作者:中共中央文献研究室  更新时间:2024-04-17 21:04:26  来源:《毛泽东年谱》第五卷  责任编辑:复兴网


  9月1日 下午,在庐山芦林一号主持召开各中共中央局第一书记汇报会。周恩来说,今后两年补充计划初步确定,煤为五亿吨,钢为一千五百万吨。毛泽东说:我看现在这样的指标不是悲观的指标,因为只是这两年嘛,是补充计划嘛,就像我们红军在万里长征之后要补充一样。那时候,只留下两万多军队,一方面军只有八千多人。我在一个会上作报告说,留下两万多人,我们更强了,因为我们有了经验。后来果然如此,政策一变,又发展到一百二十万。不要以为现在的情况很坏,达于极点了就好了。(陈云:由中央有关的综合单位,按产业系统召开重点企业各方面人员参加的小型会议,让大家畅所欲言地从各方面把问题兜出来,然后一个一个地研究。)我赞成陈云同志提的办法,主要开小型会议,要取得一致认识,然后去做,接近客观实际就好办。(陈云:建议在《关于当前工业问题的指示》中把综合平衡问题单写一条。)讲得好,请陈云同志为工业指示写一条综合平衡。毛泽东还说:生意我们总是要做的,美国人不跟我们做,他要政治条件,并不是我们不跟美国人做。

  9月4日 下午,在庐山芦林一号主持召开中共中央政治局常委会议。在谈到邓小平将率代表团参加朝鲜劳动党第四次全国代表大会时,毛泽东提出请邓小平下山之前,在中央工作会议上就当前的情况谈一谈自己的意见。五日上午,邓小平在大会上作长篇讲话,讲了五个问题:(一)对最近三年主要是最近二年工作的估计;(二)三年调整的目标,包括粮食、棉花、煤、钢、日用品、副食品、外贸、市场、物价、税收等;(三)方法问题;(四)集中统一,分级管理;(五)统一认识问题。邓小平说:毛主席说统一认识就好办了。我们这次会议把认识统一了,就可以在一个目标下面积极地去干。

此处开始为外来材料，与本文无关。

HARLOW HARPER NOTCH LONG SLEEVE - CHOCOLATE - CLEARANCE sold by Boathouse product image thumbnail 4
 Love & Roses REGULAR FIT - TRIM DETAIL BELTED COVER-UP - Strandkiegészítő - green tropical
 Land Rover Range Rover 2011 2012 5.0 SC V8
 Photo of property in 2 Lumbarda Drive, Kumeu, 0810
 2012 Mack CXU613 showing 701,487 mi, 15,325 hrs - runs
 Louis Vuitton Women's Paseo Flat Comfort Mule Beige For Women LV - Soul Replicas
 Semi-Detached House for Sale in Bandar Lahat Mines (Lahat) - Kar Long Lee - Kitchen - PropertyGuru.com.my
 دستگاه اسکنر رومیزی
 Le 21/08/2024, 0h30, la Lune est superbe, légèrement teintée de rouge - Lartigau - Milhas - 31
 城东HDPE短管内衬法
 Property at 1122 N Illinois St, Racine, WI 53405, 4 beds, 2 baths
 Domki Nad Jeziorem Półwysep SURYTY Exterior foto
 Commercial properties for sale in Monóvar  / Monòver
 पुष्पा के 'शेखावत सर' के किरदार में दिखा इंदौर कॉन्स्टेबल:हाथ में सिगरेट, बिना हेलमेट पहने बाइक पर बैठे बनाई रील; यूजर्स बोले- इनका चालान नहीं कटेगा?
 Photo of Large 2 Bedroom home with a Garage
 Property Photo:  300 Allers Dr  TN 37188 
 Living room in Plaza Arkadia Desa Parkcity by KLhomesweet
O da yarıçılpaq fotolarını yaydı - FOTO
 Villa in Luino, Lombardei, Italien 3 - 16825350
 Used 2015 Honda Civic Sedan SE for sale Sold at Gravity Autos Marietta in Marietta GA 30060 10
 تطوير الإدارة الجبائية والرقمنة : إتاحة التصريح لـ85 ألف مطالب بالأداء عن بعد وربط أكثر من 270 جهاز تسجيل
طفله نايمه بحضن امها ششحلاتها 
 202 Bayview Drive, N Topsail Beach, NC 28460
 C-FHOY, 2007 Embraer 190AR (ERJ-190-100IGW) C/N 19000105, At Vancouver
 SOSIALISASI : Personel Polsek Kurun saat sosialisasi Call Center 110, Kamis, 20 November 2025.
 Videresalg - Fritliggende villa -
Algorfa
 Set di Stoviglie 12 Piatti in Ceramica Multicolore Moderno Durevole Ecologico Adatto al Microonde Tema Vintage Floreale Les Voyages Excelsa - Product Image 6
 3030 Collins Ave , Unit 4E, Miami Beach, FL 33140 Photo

  9月5日 在庐山芦林一号主持召开中共中央政治局常委会议。

  9月6日 阅中共中央农村工作部八月二十四日编印的《农村简报》登载的《各地贯彻执行六十条的情况和问题》。这个材料说:各地反映,“六十条”初步贯彻执行以来,农村形势已明显好转,主要表现在十个方面:初步调整了社队规模;退赔已经部分兑现;进一步确立了以生产大队为基础的三级集体所有制;给社员分配和补充了自留地,发展了家庭副业;普遍地恢复了“三包一奖”和定额管理、评工记分等制度;过去用行政命令方式组织起来的“全民食堂”大部分有领导地解散了;普遍实行了粮食分到户的办法,农民的生活问题一般的比去年缓和;多数地方对于今年夏收比较重视;高级社时期一系列有效的经营管理制度,大部分得到了恢复和发展;各地对于恢复和发展生产有了更大的信心,约有百分之十几的县、社、队有一两年的时间就可以恢复到一九五七年的生产水平和生产力水平,一般地区需要三四年时间,另有百分之二十到三十的县、社、队还需要更长的时间。存在的问题也有十个方面:许多地方群众留粮和国家征购的数字都不能落实,群众普遍要求把征购任务定下来;退赔普遍不彻底,有的地方又发生新的平调现象;一部分地区还没有按照规定给社员留足自留地;平均主义思想依然存在;在一部分生产力破坏严重的地区,相当一部分干部和农民对于集体生产丧失信心,以致发展到“按劳分田”、“包产到户”、“分口粮田”等变相恢复单干的现象,更值得注意的是,推行包产到户的做法,带有一定的普遍性,差不多每个省、市、区都有发现,个别地方则是有领导地自上而下地执行这种做法;在经营管理方面,有些地方把全年一半以上的农活包工到户,导致变相的“包产到户”或“部分产量包到户”,损害了集体生产;有的生产大队和生产队分得过小,不能充分发挥集体生产的优越性;去冬今春改造的一部分三类社、队中,错排队、错划成分、干部处分面过宽等问题,尚未处理;部分干部怀疑“六十条”是否“太宽了”,是否“倒退”;群众对“六十条”热烈拥护,但普遍存在怕变的心理。毛泽东阅后批示:“此件很好,印发各同志。并带回去,印发省、市、区党委一级的委员同志们,开一次省委扩大会,有地委同志参加,对此件第二部分所提出的十个问题,作一次认真的解决。时间越早越好,以便在秋收、秋耕、秋种和秋收分配时间政策实行兑现,争取明年丰收。冬春两季六个月整风整社,训练干部,也在这一次省委扩大会上作出布置,主动权就更大了。生产、征购、生活安排,同时并举,就更加主动了。”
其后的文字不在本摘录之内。